[[ Recorded information open ]]

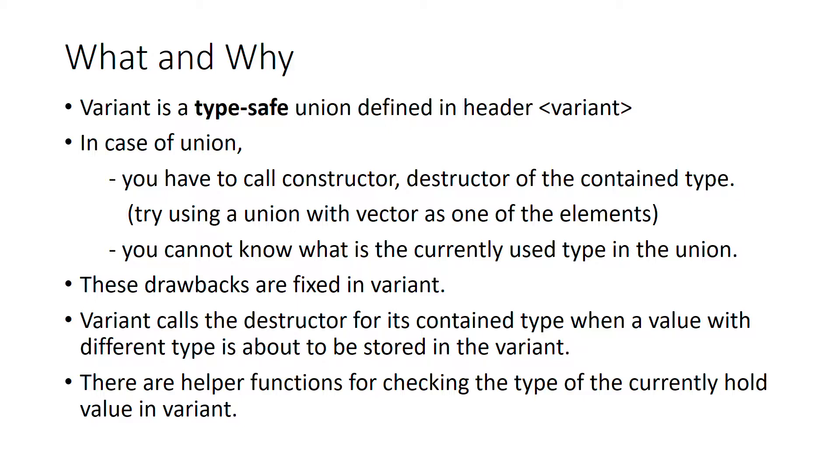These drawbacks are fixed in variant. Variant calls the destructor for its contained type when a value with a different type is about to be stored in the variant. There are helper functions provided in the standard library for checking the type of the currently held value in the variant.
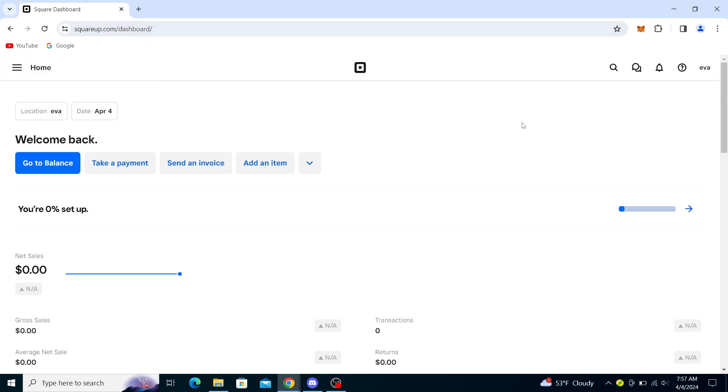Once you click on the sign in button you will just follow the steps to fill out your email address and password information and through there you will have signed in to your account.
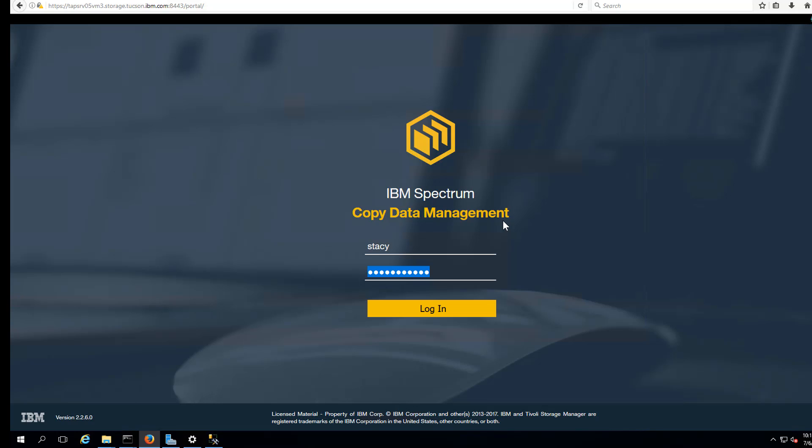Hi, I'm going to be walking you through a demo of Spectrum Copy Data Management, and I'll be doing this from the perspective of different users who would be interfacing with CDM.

[[ Recorded information closed ]]

• Activity:
The data above must be written out again word for word, without its pictures.

• The answer:
These drawbacks are fixed in variant. Variant calls the destructor for its contained type when a value with a different type is about to be stored in the variant. There are helper functions provided in the standard library for checking the type of the currently held value in the variant.
Once you click on the sign in button you will just follow the steps to fill out your email address and password information and through there you will have signed in to your account.
Hi, I'm going to be walking you through a demo of Spectrum Copy Data Management, and I'll be doing this from the perspective of different users who would be interfacing with CDM.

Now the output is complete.